--- COLLECTED MATERIAL ---

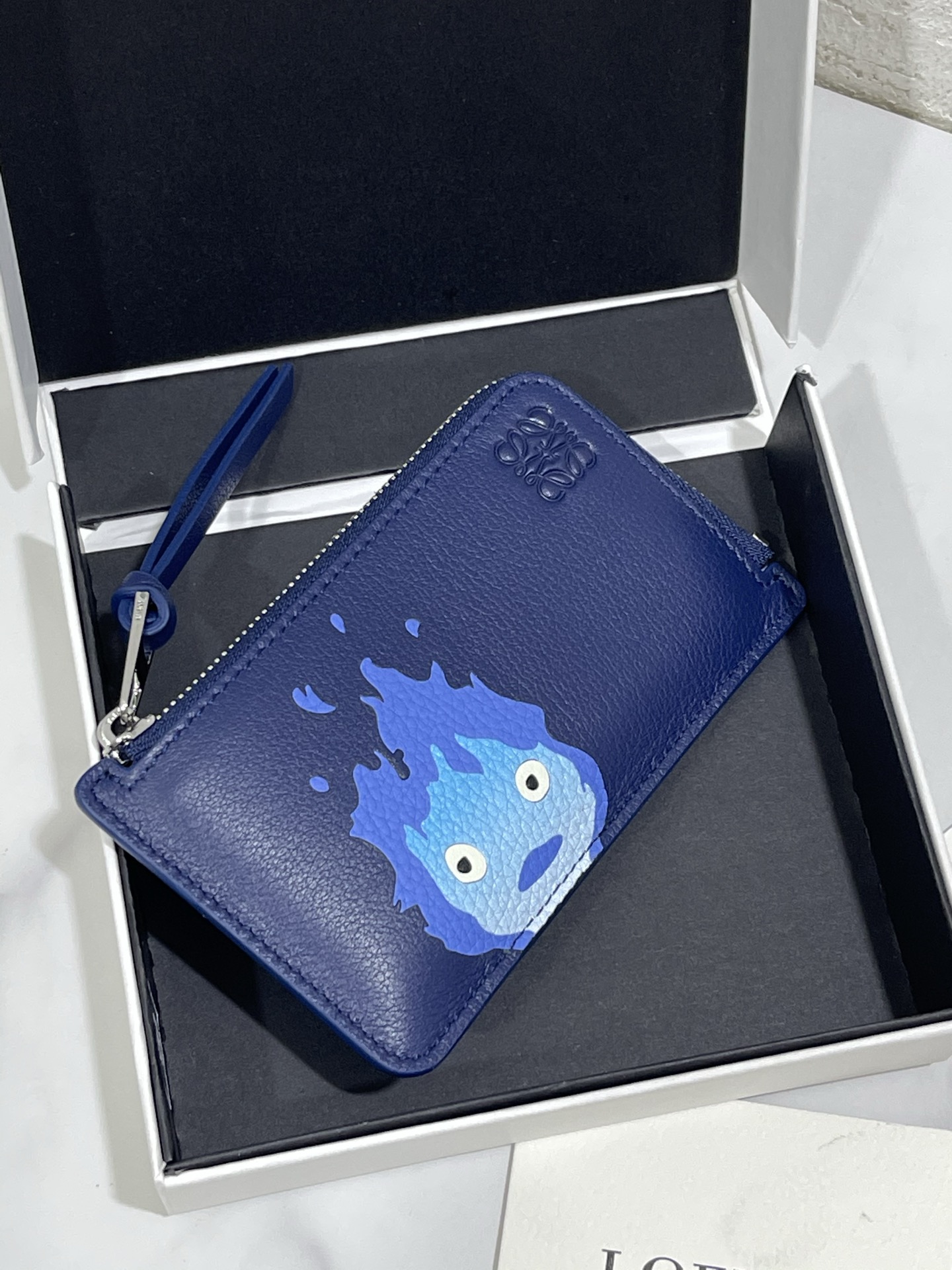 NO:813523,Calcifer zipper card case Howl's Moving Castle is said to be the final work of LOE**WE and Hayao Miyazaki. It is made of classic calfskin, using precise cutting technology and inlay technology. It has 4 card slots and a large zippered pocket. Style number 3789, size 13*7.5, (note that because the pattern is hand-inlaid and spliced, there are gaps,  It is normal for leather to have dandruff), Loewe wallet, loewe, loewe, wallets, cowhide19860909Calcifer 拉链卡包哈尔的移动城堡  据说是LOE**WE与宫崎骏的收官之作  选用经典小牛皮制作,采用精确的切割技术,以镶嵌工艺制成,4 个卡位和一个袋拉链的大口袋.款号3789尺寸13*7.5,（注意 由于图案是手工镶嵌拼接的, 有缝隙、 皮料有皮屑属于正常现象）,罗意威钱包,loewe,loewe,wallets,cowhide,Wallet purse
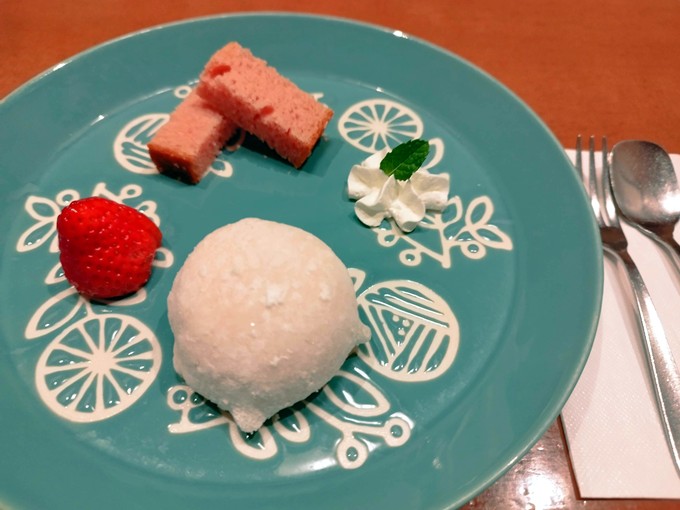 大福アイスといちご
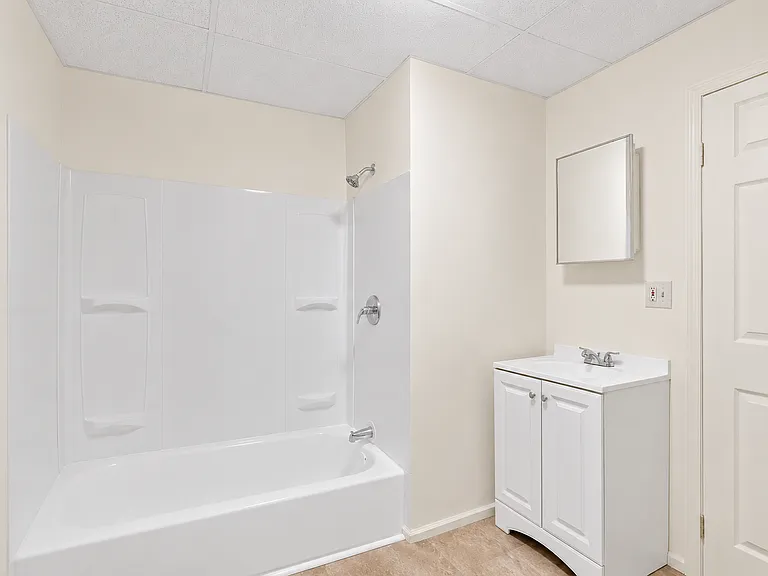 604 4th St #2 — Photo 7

---

### PROBLEM DESCRIPTION
Whenever a picture appears in the listing, leave it out; copy everything else exactly.

### ANSWER TO THE PROBLEM
 NO:813523,Calcifer zipper card case Howl's Moving Castle is said to be the final work of LOE**WE and Hayao Miyazaki. It is made of classic calfskin, using precise cutting technology and inlay technology. It has 4 card slots and a large zippered pocket. Style number 3789, size 13*7.5, (note that because the pattern is hand-inlaid and spliced, there are gaps,  It is normal for leather to have dandruff), Loewe wallet, loewe, loewe, wallets, cowhide19860909Calcifer 拉链卡包哈尔的移动城堡  据说是LOE**WE与宫崎骏的收官之作  选用经典小牛皮制作,采用精确的切割技术,以镶嵌工艺制成,4 个卡位和一个袋拉链的大口袋.款号3789尺寸13*7.5,（注意 由于图案是手工镶嵌拼接的, 有缝隙、 皮料有皮屑属于正常现象）,罗意威钱包,loewe,loewe,wallets,cowhide,Wallet purse
 大福アイスといちご
 604 4th St #2 — Photo 7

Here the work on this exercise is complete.